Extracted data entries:
● ● ● ● ● ● ●

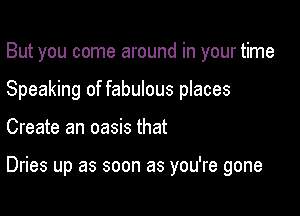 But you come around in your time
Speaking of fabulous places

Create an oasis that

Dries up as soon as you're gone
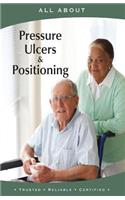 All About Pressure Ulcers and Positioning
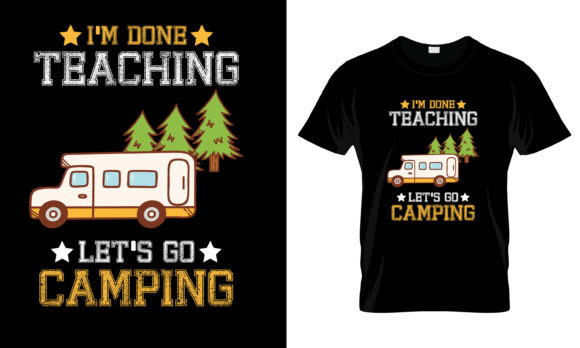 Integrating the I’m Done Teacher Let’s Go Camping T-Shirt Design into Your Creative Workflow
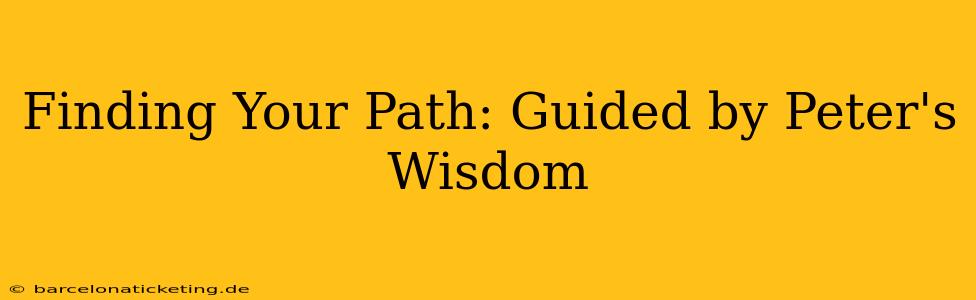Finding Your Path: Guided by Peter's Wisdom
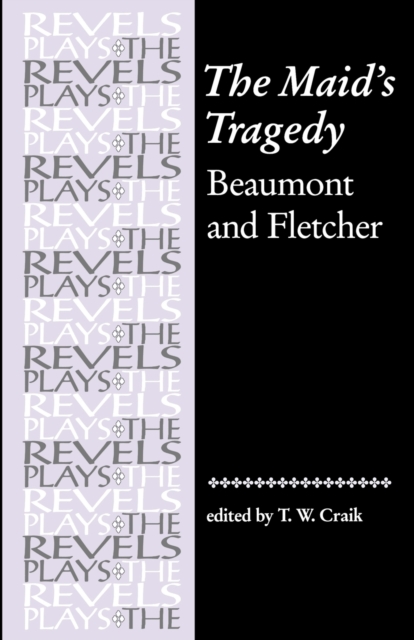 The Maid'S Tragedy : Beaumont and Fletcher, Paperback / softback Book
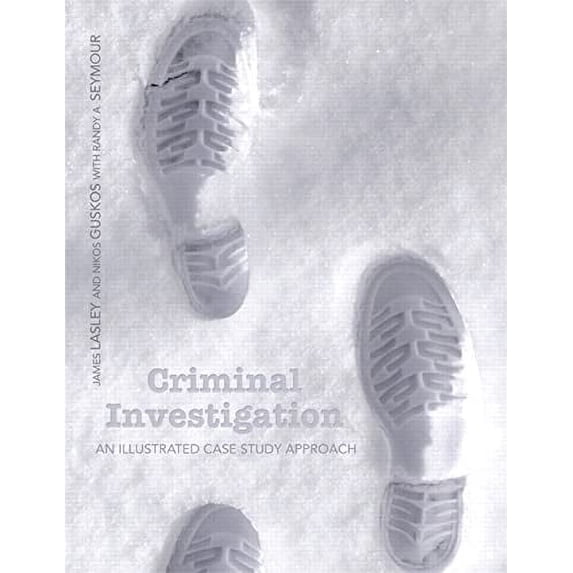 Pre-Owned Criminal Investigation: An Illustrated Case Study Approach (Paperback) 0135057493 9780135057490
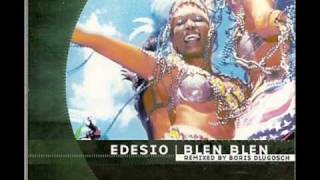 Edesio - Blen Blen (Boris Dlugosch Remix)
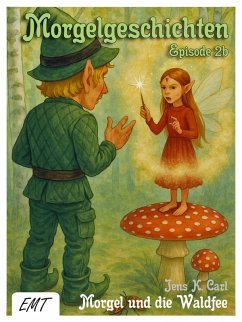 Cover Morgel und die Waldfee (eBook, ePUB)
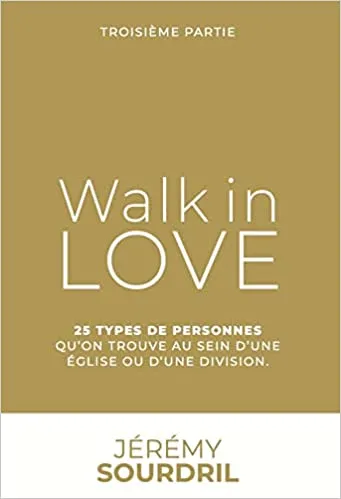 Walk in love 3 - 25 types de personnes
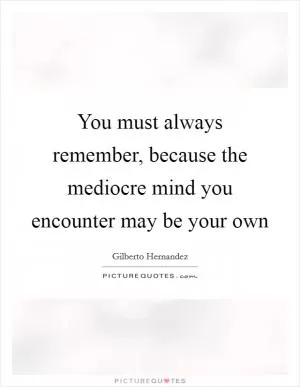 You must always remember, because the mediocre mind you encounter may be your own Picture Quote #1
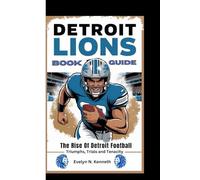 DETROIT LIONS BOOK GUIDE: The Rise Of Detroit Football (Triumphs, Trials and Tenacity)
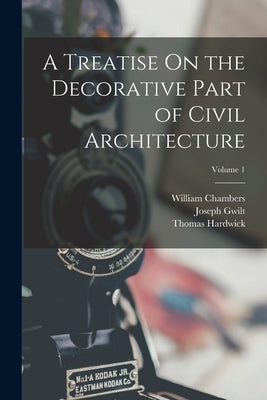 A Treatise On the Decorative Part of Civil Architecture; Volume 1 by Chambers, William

● ● ● ● ● ● ●

Exercise directions:
Retype the lines above exactly as they appear, from the line containing "Create an oasis that" through the line containing "Cover Morgel und die Waldfee (eBook, ePUB)", and leave out any pictures.

Result below:
Create an oasis that

Dries up as soon as you're gone
 All About Pressure Ulcers and Positioning
 Integrating the I’m Done Teacher Let’s Go Camping T-Shirt Design into Your Creative Workflow
Finding Your Path: Guided by Peter's Wisdom
 The Maid'S Tragedy : Beaumont and Fletcher, Paperback / softback Book
 Pre-Owned Criminal Investigation: An Illustrated Case Study Approach (Paperback) 0135057493 9780135057490
 Edesio - Blen Blen (Boris Dlugosch Remix)
 Cover Morgel und die Waldfee (eBook, ePUB)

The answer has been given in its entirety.